In Australia, I had a new name. Tricia, the way they say it. Michael’s Tricia. I had new friends – a whole group of them – that seemed like they’d just been waiting for me to get there. Strange, romantic, wonderful people. So inclined to like me, to love me. I had new money in my wallet. New streets and towns. New words jangling around in my head.
And there was no adjusting to it! There was no time of “settling in.” I went to sleep on the plane and woke up and then suddenly Michael’s arms were around me. And I was in Australia, deep down the rabbit hole, among mad hatters and march hares.
It just happened. The week just happened, as though it had been happening all along and I'd never really known it.
I moved Michael into a house and we lived -- lived -- there.
We cleaned the old kitchen and hung clothes on the line. I met the neighbors. We ate cold chicken with Dave and Lucinda in the middle of the night. We ate cereal in the morning sun, sitting on the flagstones in the backyard. And we wandered Sydney at night with Simon and Victoria, ducking in and out of pubs, dodging early-autumn rainstorms.
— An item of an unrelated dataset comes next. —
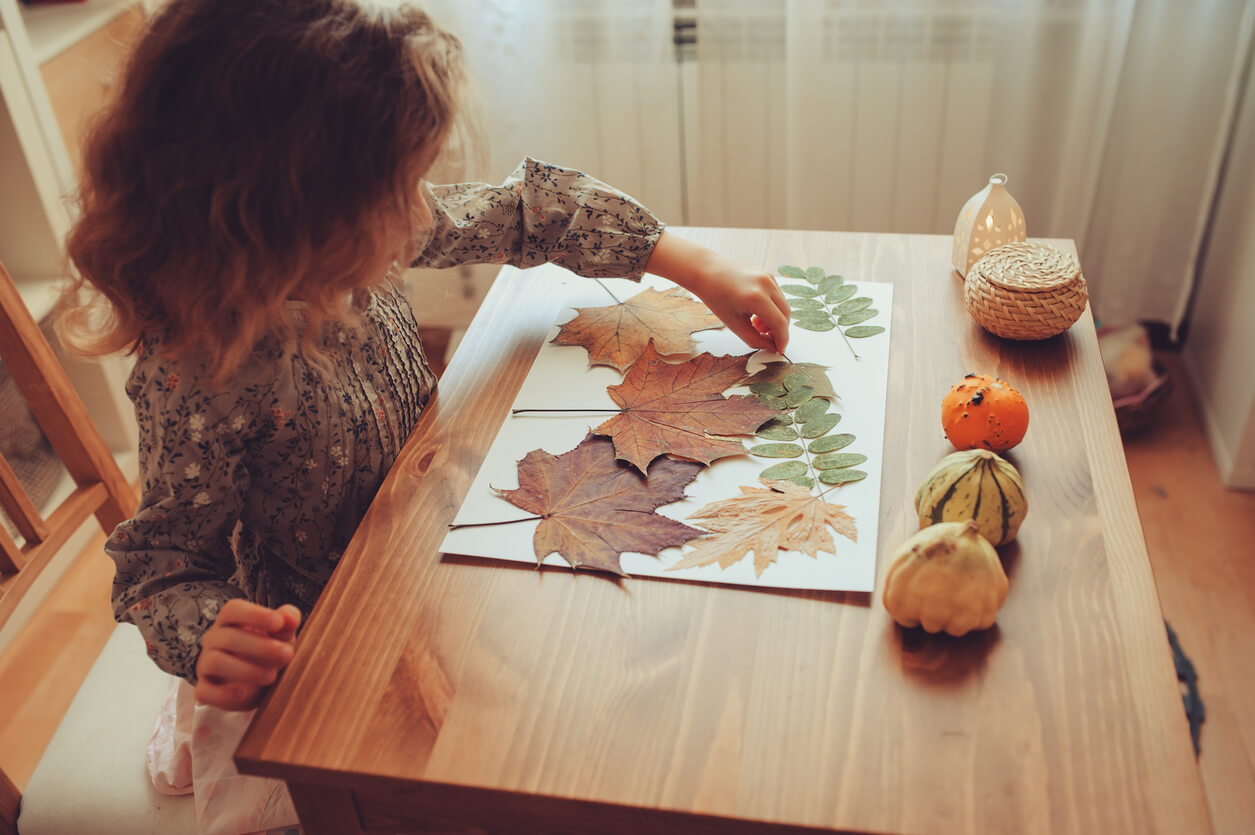 A child arranging dry leaves on paper.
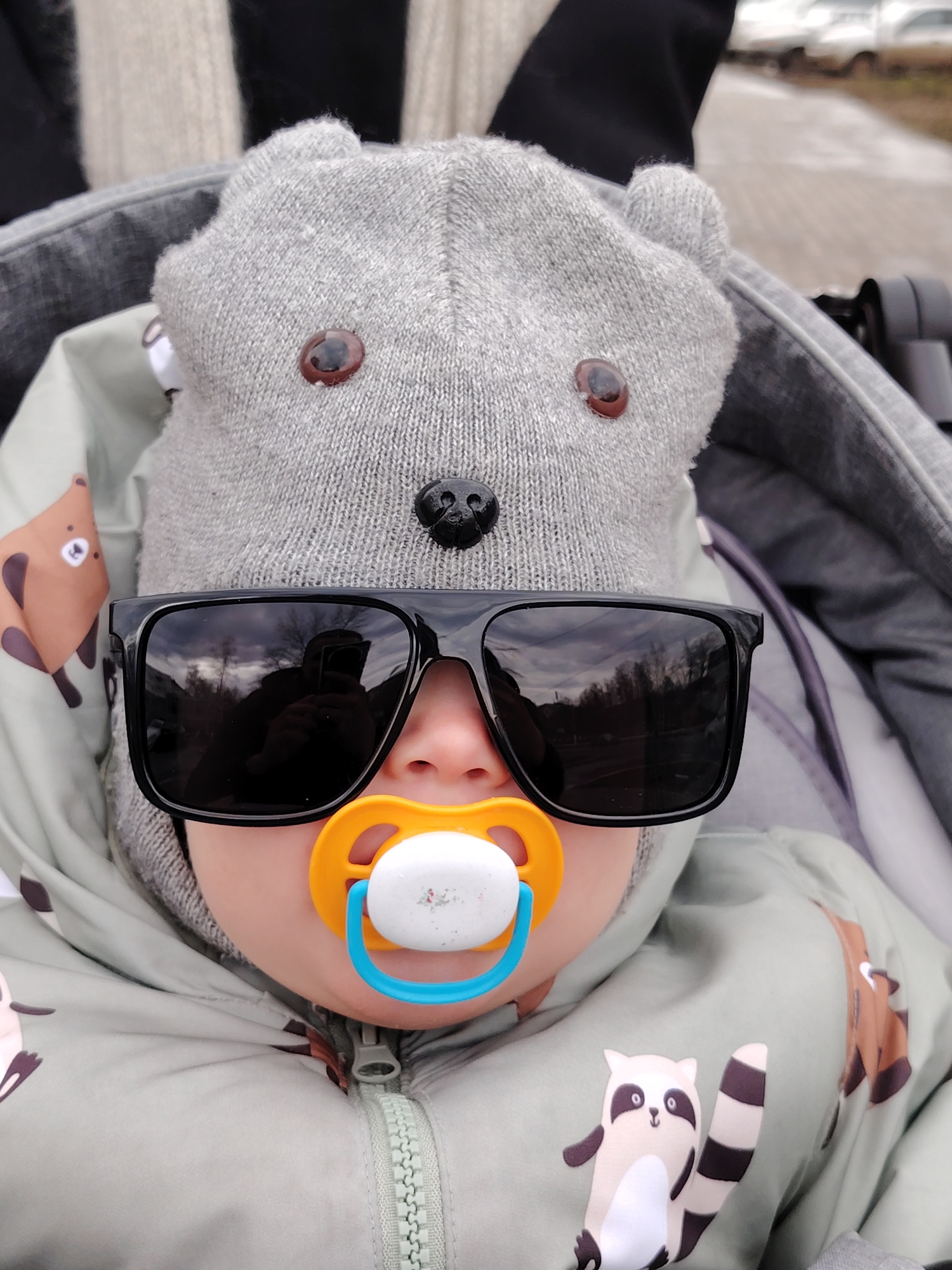 A baby sits in a grey stroller wearing a grey knitted bear hat with brown button eyes and a black button nose, large black sunglasses, and a blue and yellow pacifier. The baby wears a light green jacket with cartoon raccoon prints. The reflection in the sunglasses reveals trees and a cloudy sky. The stroller is partially visible, as is a blurred background that suggests an outdoor setting, possibly in the city of Chaikovsky, Russia.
And Michael was there. He was there when I went to sleep and there when I woke up.
And every time I saw him, it was like a miracle. That we were there, and I could reach out and touch him. That we could go buy groceries. Groceries! Shopping was a revelation. Riding the train? An adventure.
And yes, of course, we did things. But we didn’t do anything that wasn’t a part of his life now, a part of my parallel life. A tourist goes somewhere to see something they wouldn’t ordinarily see. I felt like I was seeing things I’ve already been seeing things for months, for years. Because they are familiar to Michael’s eyes.
And because Michael is a part of me.
And because when Alice wakes up, she finds herself on a riverbank, and she tells her sister the dream of Wonderland. But her sister knows that Wonderland is not a dream, not an inaccessible dream anyway, but a lovely dream that lives and breathes and goes on and has a life of its own.
And that’s Australia.
I’m back in California now. But Michael and I have a life of our own. And that life goes on. We carry each other.
And we go on, parallel, Australia, California, Michael and I together like a heartbeat, on and on.